The wine is a textbook example of what a well-made Chateauneuf from a ripe vintage should be, a little bit of grilled herbs to the inviting nose of confectionary cherries, some spice and pepper woven into the lush, kirschy palate, resolved acidity, and resolved ripe tannins.  The quality of this particular bottling was enhanced because the domaine chose not to bottle their reserve Cuvee Cadettes and added that juice to this cuvee.  Why they would do that in a vintage of this caliber is anyone’s guess  But that is the fact and clearly that took this wine to another level.
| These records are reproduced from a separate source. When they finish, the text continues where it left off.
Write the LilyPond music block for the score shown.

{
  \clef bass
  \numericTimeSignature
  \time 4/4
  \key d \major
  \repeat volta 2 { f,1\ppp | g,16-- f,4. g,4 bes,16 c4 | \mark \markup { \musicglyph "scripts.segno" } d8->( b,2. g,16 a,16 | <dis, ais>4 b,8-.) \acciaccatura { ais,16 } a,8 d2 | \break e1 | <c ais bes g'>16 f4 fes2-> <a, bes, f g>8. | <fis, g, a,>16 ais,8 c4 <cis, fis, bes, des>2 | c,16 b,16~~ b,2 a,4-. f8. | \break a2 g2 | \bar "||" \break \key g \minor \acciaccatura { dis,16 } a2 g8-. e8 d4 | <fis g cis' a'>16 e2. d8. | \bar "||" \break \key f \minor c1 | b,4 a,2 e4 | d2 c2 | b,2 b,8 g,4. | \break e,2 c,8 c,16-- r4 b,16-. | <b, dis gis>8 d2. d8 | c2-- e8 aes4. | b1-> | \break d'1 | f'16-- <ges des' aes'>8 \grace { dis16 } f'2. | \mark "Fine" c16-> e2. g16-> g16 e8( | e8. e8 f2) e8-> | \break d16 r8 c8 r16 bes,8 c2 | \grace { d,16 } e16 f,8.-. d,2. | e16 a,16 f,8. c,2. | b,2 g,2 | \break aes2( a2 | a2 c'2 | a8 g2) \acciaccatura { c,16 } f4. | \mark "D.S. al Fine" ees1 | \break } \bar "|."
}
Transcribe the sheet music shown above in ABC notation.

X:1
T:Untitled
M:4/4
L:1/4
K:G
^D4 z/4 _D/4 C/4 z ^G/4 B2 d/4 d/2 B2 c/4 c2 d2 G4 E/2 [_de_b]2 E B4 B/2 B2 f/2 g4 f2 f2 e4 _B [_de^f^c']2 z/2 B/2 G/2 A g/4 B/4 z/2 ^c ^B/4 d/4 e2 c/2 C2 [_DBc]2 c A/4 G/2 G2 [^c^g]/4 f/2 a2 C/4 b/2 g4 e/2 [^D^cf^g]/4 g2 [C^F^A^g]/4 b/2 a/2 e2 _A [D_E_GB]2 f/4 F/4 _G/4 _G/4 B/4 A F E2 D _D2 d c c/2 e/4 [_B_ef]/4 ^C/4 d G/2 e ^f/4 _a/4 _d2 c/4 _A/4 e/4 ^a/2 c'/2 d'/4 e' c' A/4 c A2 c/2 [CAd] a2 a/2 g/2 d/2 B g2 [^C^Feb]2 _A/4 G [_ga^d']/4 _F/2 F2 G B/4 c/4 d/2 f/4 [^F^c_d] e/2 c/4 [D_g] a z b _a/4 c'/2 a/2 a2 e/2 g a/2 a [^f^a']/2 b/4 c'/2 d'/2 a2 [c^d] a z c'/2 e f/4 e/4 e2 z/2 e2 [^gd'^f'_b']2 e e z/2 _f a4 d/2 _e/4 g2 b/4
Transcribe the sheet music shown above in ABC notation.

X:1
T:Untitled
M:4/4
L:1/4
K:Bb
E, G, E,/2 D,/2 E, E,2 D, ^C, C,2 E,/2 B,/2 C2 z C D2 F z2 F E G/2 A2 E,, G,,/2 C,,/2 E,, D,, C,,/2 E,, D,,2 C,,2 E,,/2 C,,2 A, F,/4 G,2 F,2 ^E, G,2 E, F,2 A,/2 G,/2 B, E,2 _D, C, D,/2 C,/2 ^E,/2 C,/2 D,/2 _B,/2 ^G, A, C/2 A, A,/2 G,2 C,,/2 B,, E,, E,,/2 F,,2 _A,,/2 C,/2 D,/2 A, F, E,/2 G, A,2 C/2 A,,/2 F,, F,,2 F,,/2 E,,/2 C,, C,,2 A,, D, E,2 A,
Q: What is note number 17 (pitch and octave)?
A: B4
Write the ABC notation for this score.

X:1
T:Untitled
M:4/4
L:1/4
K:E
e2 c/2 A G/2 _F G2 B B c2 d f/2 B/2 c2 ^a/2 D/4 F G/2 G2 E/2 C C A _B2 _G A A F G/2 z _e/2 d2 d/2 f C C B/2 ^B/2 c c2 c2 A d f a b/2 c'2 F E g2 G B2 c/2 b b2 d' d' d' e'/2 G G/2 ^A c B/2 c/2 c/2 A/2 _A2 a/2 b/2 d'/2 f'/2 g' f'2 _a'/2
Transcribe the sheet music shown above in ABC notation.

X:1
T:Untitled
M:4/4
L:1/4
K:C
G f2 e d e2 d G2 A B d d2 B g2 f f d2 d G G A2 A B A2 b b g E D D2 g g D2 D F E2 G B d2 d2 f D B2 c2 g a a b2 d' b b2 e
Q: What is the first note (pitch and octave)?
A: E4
There are compelling notes from Robert Parker and a 93-point score back in issue 185 (October, 2009), but we’d suggest even more relevance to the notes from Jeb Dunnuck in a 10-year Chateauneuf retrospective in February of 2017, “Still youthful and not yet fully mature, the 2007 Châteauneuf du Pape (which includes all the grapes that would normally have gone into the declassified Cuvee Cadettes) is full-bodied and impeccably balanced, with a fresh, focused bouquet of cassis, licorice and charred meats. This cuvee always ages beautifully, and this is one of the more fresh, lively and focused 2007s out there–and it still has present tannin. It’s certainly enjoyable today but should be even better with a year or two of additional cellaring…94 points.”

Great older wine isn’t easy to get, great old Chateauneuf is super rare.  So take the time to reward yourself for the holidays, or for whatever reason you want, with this very special edition of Chateau la Nerthe.  Just don’t take too long (there’s not a lot).